Did perhaps just one anthropologist ever think to ask a penis-gourd-wearer if he wakes up some days and thinks he's going to make a new penis gourd, but instead this happens and that happens, and making the new gourd just gets put off, along with everything else that he's supposed to be doing, until he feels terrible and the only option seems to be to move to a place where no one notices that his gourd is outmoded?
Doubtful. For you plucky grad students in search of untrampled academic terrain, I present the field of cross-cultural procrastination. Slacking off may not be as sexy as, well, sex, but (like sex) everyone seems to do it. The handful of cross-cultural studies that have been done suggest that procrastination is one of those concepts, like color or time, that occurs in other cultures, even if those other cultures have their own ways of seeing it and dealing with it.
There are two dominant modes when it comes to the study of cross-cultural procrastination. The first takes the form of the international managerial missive—an ancient narrative template that delineates the work and business practices of people from one culture, so that a person from another culture can do business with them. These are chatty, opinionated, and prone to generalizations. "Punctuality is the responsibility of the subordinate," writes corporate cultural training adviser George B. Whitfield III about Jakarta, Indonesia. "The higher the status of a person, the more he or she moves through life causing subordinates to adjust to and swirl around the superior's schedule."
The second mode seeks to quantify, in scholarly terms (i.e., with percentages), just who in the world procrastinates and for how long. The most wide-ranging of these efforts was published in the International Journal of Psychology in 1998. Leon Mann, a business-oriented behavioral scientist at the University of Melbourne, organized a project to discover "cross-cultural differences in self-reported decision-making style" among test subjects in six locations—three "individualistic English-speaking cultures" (the United States, Australia, and New Zealand) and three "collectivistic East Asian cultures" (Japan, Hong Kong, and Thailand). In other words, Mann and his team would hand out questionnaires to undergrads around the world and ask them how much they agreed (on a scale of one through five) with statements like, "I delay in making decisions until it is too late."
The researchers theorized that college students from the "collectivistic" cultures would put off making decisions for longer than those from "individualistic" ones. It turned out that the Japanese students had the highest (which is to say, the most procrastination-inclined) scores, followed by the Taiwanese, the students from Hong Kong, the Americans, the Australians, and the New Zealanders. The differences between the groups weren't quite as dramatic as Mann had hoped, but they were statistically significant.

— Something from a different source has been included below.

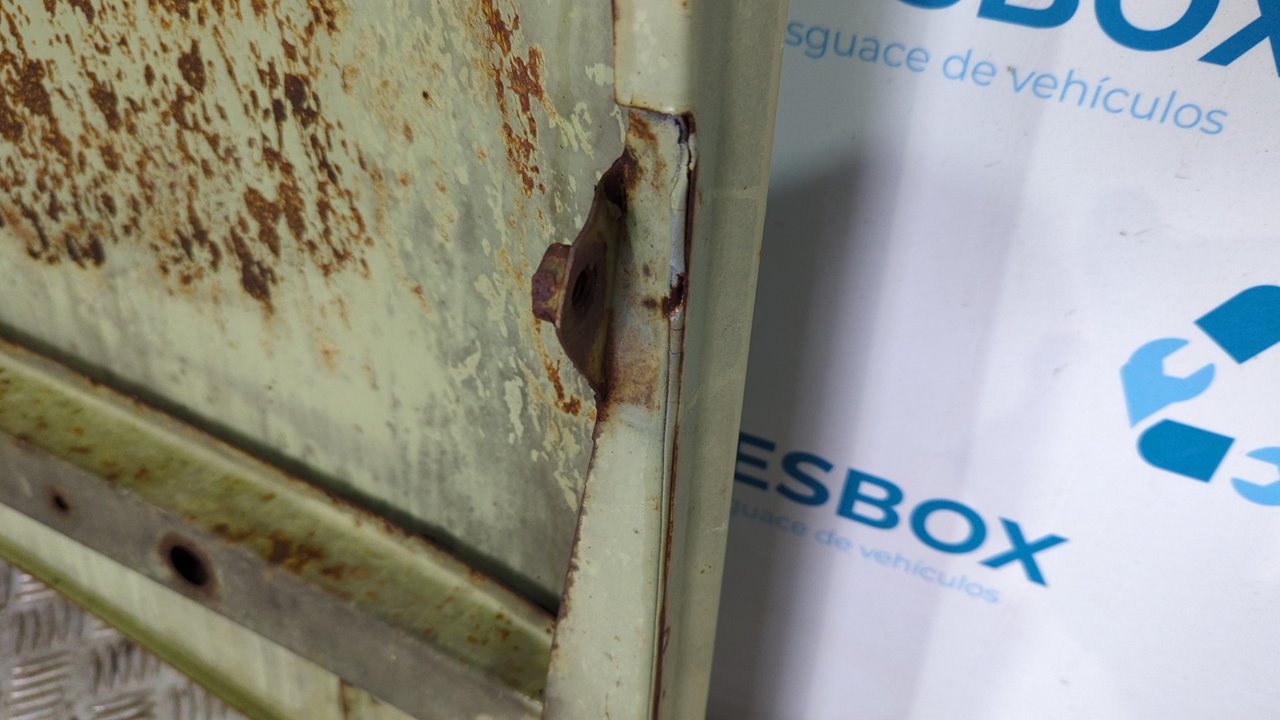 CAPO MERCEDES-BENZ CLASE E (W114/W115) - vista 5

Of course, how a student chooses to fill out a questionnaire may not reflect his or her true procrastination behavior. It's possible that the American students outdid the Australians and Kiwis simply by virtue of our drive toward compulsive self-disclosure. The world-class procrastinators of Japan might have inflated their scores out of a tendency to see self-criticism as a virtue.
Further research hasn't exactly resolved the question. American procrastination expert Joseph Ferrari did his own cross-cultural studies, with different results; he's adamant that there are no differences at all across international borders. So far, he's given a questionnaire very similar to the one used by Mann to people in America, Australia, Peru, Spain, Turkey, and the United Kingdom. And he's found no significant differences in procrastination scores, either between countries or genders.